Sturm: Die Chroniken von Hara 4 (German Edition)
an?«
Dazu war ich inzwischen nämlich schon zu schwach. Aber Lahen tat gern, worum ich sie gebeten hatte, ohne meine linke Seite dabei auch nur eine Sekunde loszulassen.
»Bist du sicher, dass deine Freundin hier wohnt? Das sieht eher wie ein Laden der Ye-arre aus.«
»Das ist es auch.«
»Und warum dauert das dann so lange, bis die aufmachen?!«
Sie hämmerte noch einmal gegen die Tür. Zum ersten Mal zeigte sie Anzeichen von Ungeduld.
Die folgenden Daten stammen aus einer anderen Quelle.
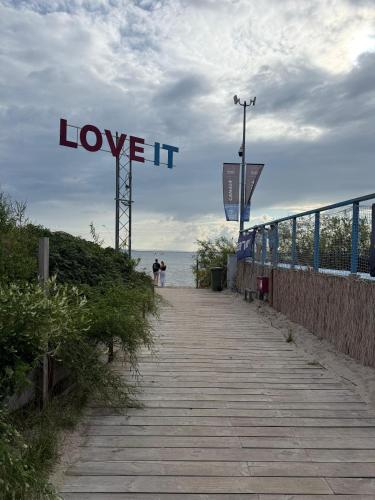 a boardwalk with a sign that reads love it at Fun Like Hel Kite&Wind in Jastarnia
»Wen weht der Wind denn da herein?«, erklang von drinnen eine zänkische Stimme.
»Ich bin’s, Yola«, antwortete ich. »Mach auf.«
Der Riegel wurde zurückgeschoben, ein kleines Glöckchen bimmelte. Lahen und ich fielen buchstäblich in den Laden und hätten dabei beinah die Ye-arre umgeworfen. Kurz bevor ich ohnmächtig wurde, nahm ich noch einen riesigen Schatten wahr.
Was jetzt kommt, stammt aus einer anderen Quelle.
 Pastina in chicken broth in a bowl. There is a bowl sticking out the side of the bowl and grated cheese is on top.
»Das ist ein Freund«, rief ich Lahen zu.
»Hilf dem Mädchen, du verfluchter Blutegel!«, fuhr Yola den Blasgen an. Sofort erlöste Khtatakh Lahen von der Last meiner Person.
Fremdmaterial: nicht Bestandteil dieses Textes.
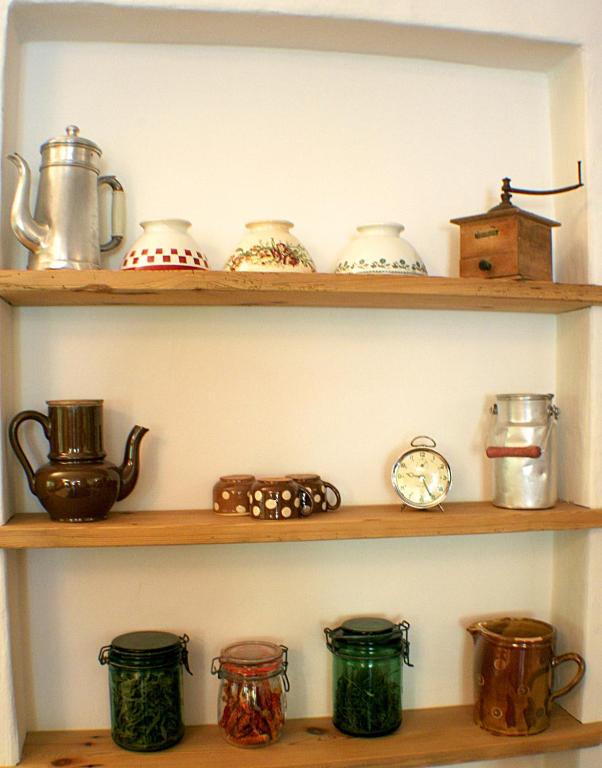 a shelf filled with pots and pans and a clock at Hotel Autantic in Bourg-Saint-Maurice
»Leg ihn auf den Tisch! He, Grauer, du tropfst mir den ganzen Boden mit deinem Blut voll! Den krieg ich ja nie wieder sauber! Geh weg, Mädchen! Wie hast du es überhaupt fertiggebracht, diesen Klotz hier herzuschleifen?! Wo ist das passiert, Ness?«
»Unterwegs«, brummte ich.
»Kwümmer dich lieber um die Wunde, Kwükwen«, verlangte Khtatakh. »Statt hier rumzuzetern.«
»So weit kommt es noch, dass ich mir von einem hirnlosen Froschmaul sagen lasse, was ich zu tun habe!«, grummelte sie, während sie jedoch schon mit ihren Instrumenten klapperte. »Mädchen, geh mal da an die Kommode und bring mir eine Schere. Blutegel, du hältst unseren Freund fest.«
Der Blasge drückte mich mit aller Gewalt auf den Tisch runter, sodass ich kaum noch Luft bekam. Yola hielt mir ein Fläschchen mit irgendeinem stinkenden Zeug unter die Nase. Es widerte mich derart an, dass ich beschloss, mich vor dem Geruch in Sicherheit zu bringen, indem ich jetzt wirklich ohnmächtig wurde. Außerdem hatte ich in diesem Zustand Ruhe vor meinen beiden streitsüchtigen Freunden. Das Letzte, woran ich mich erinnerte, waren Lahens blaue Augen …
»Wie spät ist es?«, fragte ich, als ich zu mir kam.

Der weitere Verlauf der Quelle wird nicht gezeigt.